- From: <tvraman@almaden.ibm.com>
- Date: Wed, 13 Mar 2002 14:24:11 -0800
- To: "Tim Berners-Lee" <timbl@w3.org>
- Cc: <tvraman@almaden.ibm.com>, <www-tag@w3.org>, <dsr@w3.org>, "dan connolly" <connolly@w3.org>, "Philipp Hoschka" <ph@w3.org>
Hi Tim--
I agree that it's a W3C policy issue, --rather than a WWW architecture
question; I decided to burden the TAG with it primarily because I
wasn't sure where else to send it to get visibility across the W3C.

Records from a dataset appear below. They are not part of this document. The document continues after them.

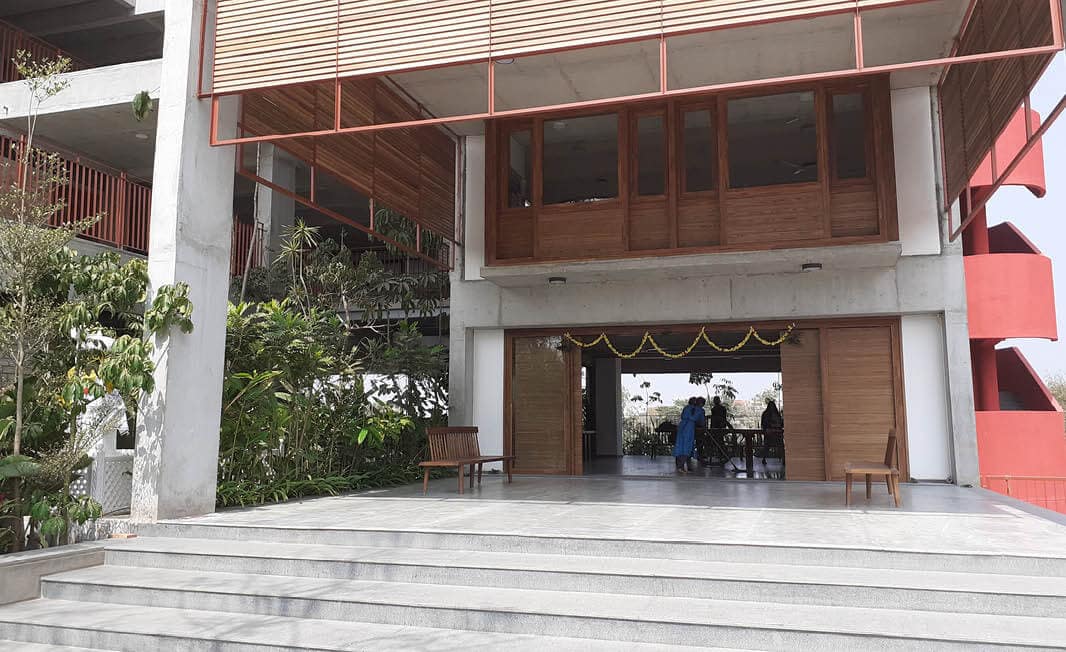 Airaa Academy Front Airaa Academy Front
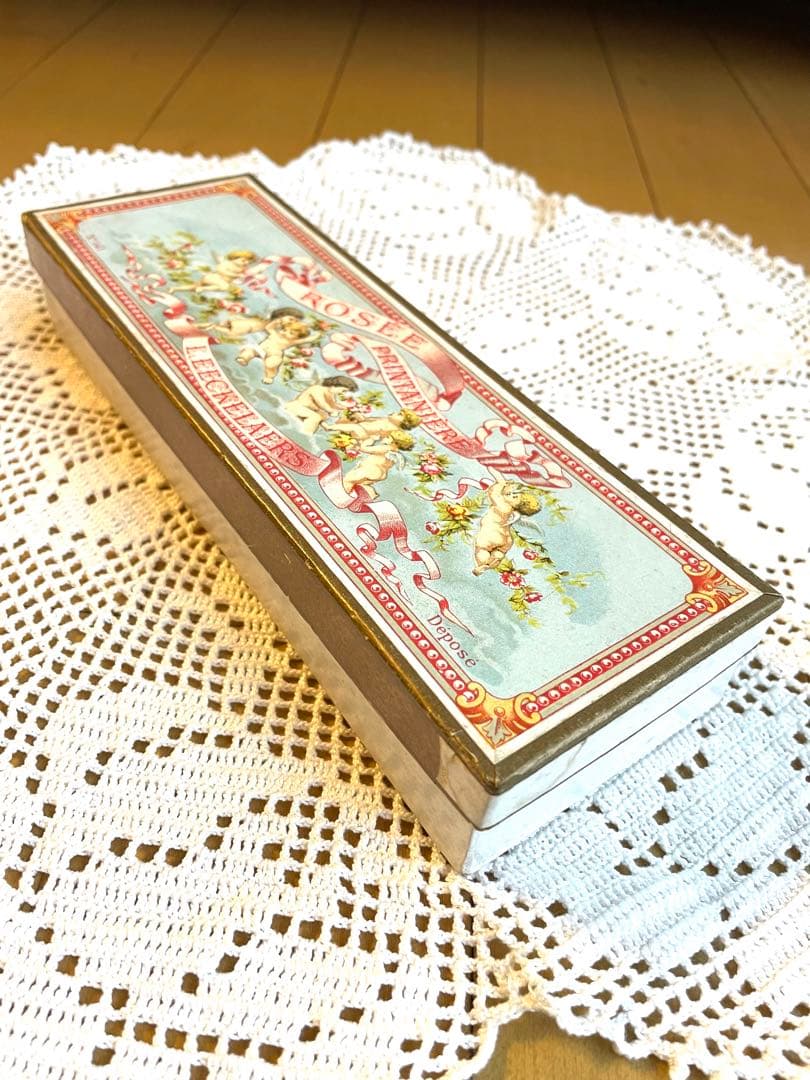 希少　フランスアンティーク　天使のサボンボックス　ソープボックス　石鹸3個未開封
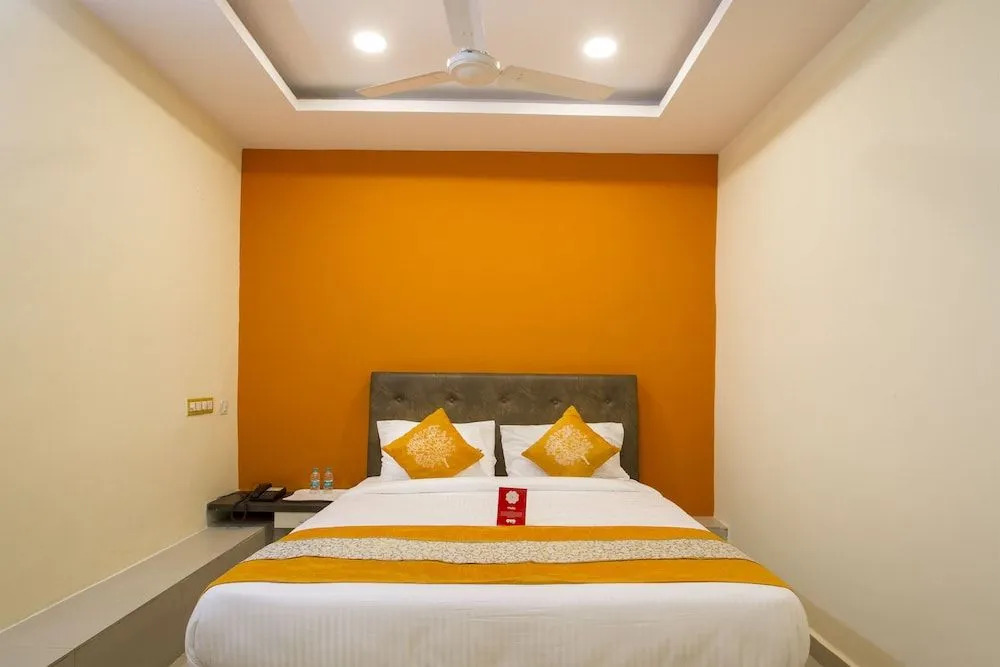 OYO 3968 Chandras Residency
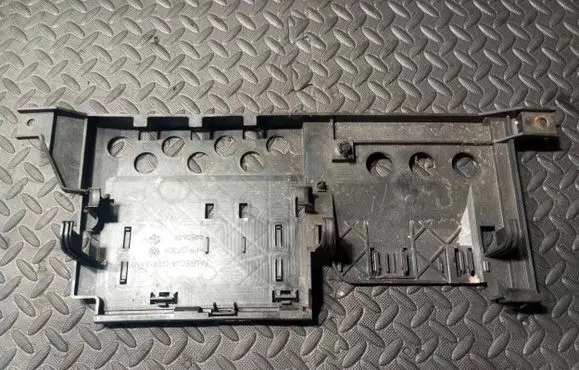 BMW 5 F10 F11 Seat trim 4480649
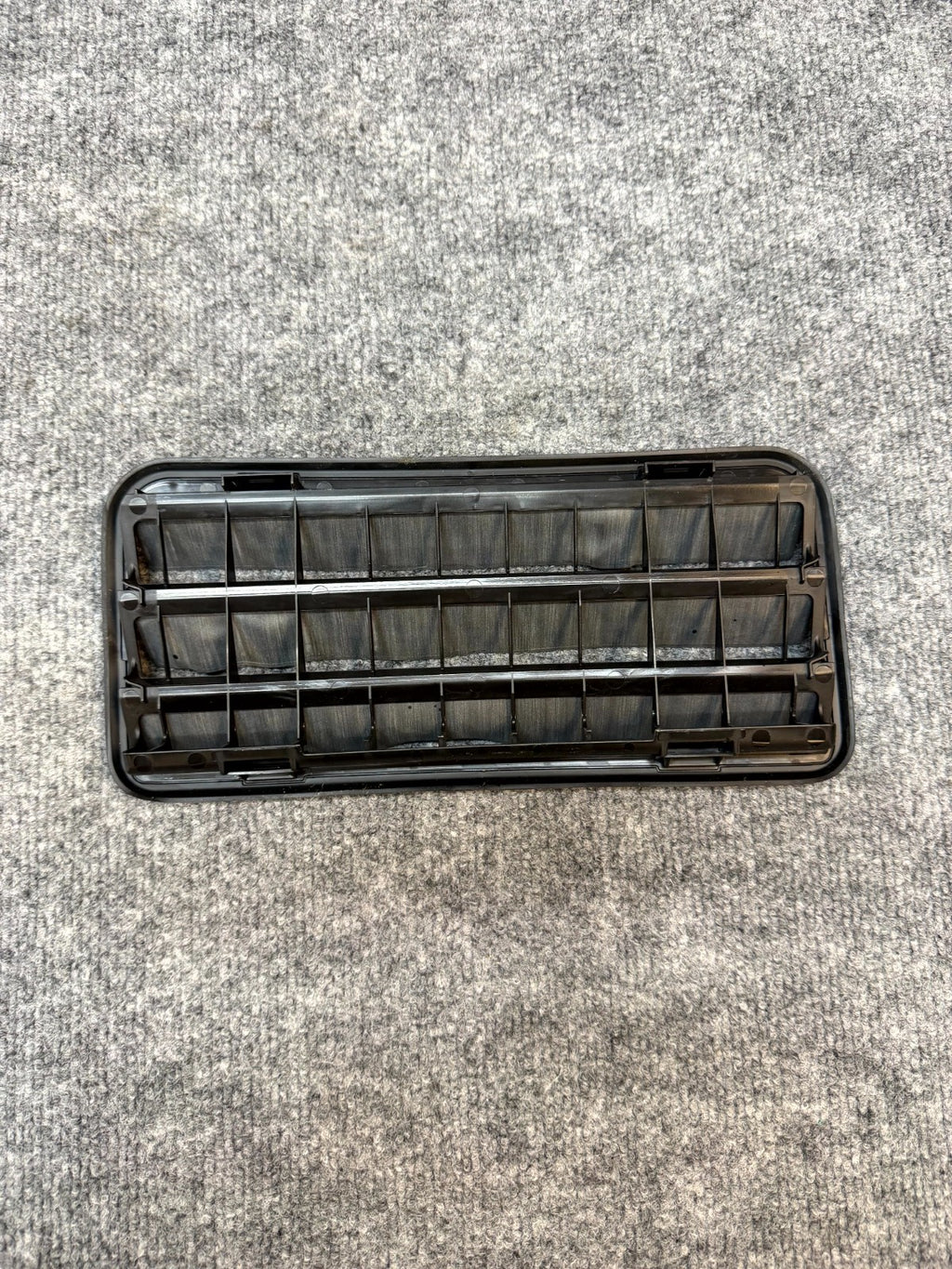 17-23 TESLA MODEL Y/3 AIR EXTRACTOR CABIN VENT GRILLE BLACK OEM, 1098751-00-C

Glad you feel the same way as I do about proprietary document formats;
see "Welcome To The Universe Of Fancy Colored Paper" at
http://www.cs.cornell.edu/Info/People/raman/publications/colored-paper.html
--and let's keep our fingers crossed and hope that the mythical world
outlined therein doesn't come to pass on the WWW.
Tim Berners-Lee writes:
> TV,
>
> I think this is an excellent point. I have considered
> bouncing mail to me back if it isn't in a standard format.
> We could maybe do this automatically for
> lists representing groups. (The www-archive list I would
> exempt as it guarantees nothing in terms of quality).
>
> I will discuss this with the team. That is, I don't think
> it is an issue of web architecture but of W3C policy.
>
> Tim
>
> ----- Original Message -----
> From: <tvraman@almaden.ibm.com>
> To: <www-tag@w3.org>
> Cc: <dsr@w3.org>; "dan connolly" <connolly@w3.org>; "Philipp Hoschka"
> <ph@w3.org>
> Sent: Monday, March 11, 2002 2:09 PM
> Subject: Using W3C standard formats on W3C Lists
>
>
> > I am raising this issue on the TAG list because the requirement
> > stated in the Subject line
> > "Use W3C formats on W3C mailing lists"
> > though obvious to those of us who have been involved in W3C work
> > over time is something that is getting increasingly overlooked and
> > side-stepped on the working group lists of many new working groups.
> >
> > I think it's time the W3C instituted a clear policy on what formats
> > are acceptable on working group lists --especially since archived and
> > searchable mailing lists are a valuable asset and represent the
> > collective memory of the W3C. Locking up portions of this asset in
> > different variant proprietary formats is against the grain of the
> > overall W3C activity --and rather than addressing this issue on a case
> > by case basis as and when it occurs on wg lists, it would perhaps be
> > more effective to state the use of plain text or HTML for email to
> > working group lists as standard policy at the time working groups are
> > formed and people join in.
> >
> >
> > --Raman
> >
> > --
> > Best Regards,
> > --raman
> > ------------------------------------------------------------
> > T. V. Raman: PhD (Cornell University)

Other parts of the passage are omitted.